Identification of the Genes Encoding the Cytosolic Translation Release Factors from Podospora anserina and Analysis of Their Role During the Life Cycle

Abstract In an attempt to decipher their role in the life history and senescence process of the filamentous fungus Podospora anserina, we have cloned the su1 and su2 genes, previously identified as implicated in cytosolic translation fidelity. We show that these genes are the equivalents of the SUP35 and SUP45 genes of Saccharomyces cerevisiae, which encode the cytosolic translation termination factors eRF3 and eRF1, respectively. Mutations in these genes that suppress nonsense mutations may lead to drastic mycelium morphology changes and sexual impairment but have little effect on life span.

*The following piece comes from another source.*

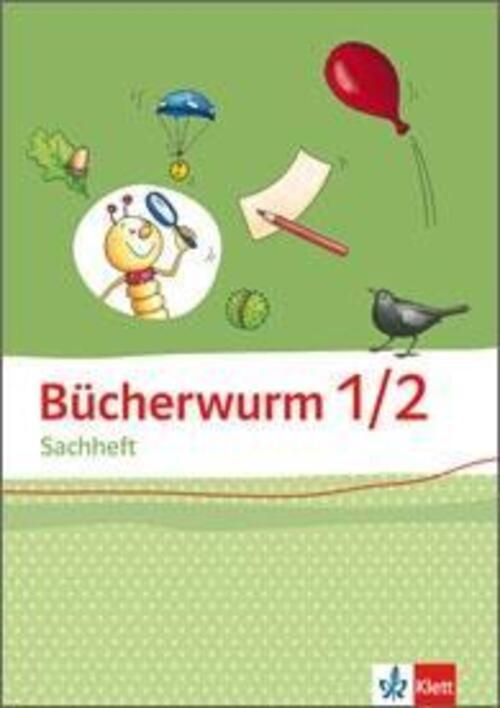 Thumbnail - Bücherwurm Sachheft. Arbeitsheft 1./2. Schuljahr. Ausgabe Für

Deletion of su1, coding for the P. anserina eRF3, is lethal. Diminution of its expression leads to a nonsense suppressor phenotype whereas its overexpression leads to an antisuppressor phenotype. P. anserina eRF3 presents an N-terminal region structurally related to the yeast eRF3 one. Deletion of the N-terminal region of P. anserina eRF3 does not cause any vegetative alteration; especially life span is not changed. However, it promotes a reproductive impairment. Contrary to what happens in S. cerevisiae, deletion of the N terminus of the protein promotes a nonsense suppressor phenotype. Genetic analysis suggests that this domain of eRF3 acts in P. anserina as a cis-activator of the C-terminal portion and is required for proper reproduction.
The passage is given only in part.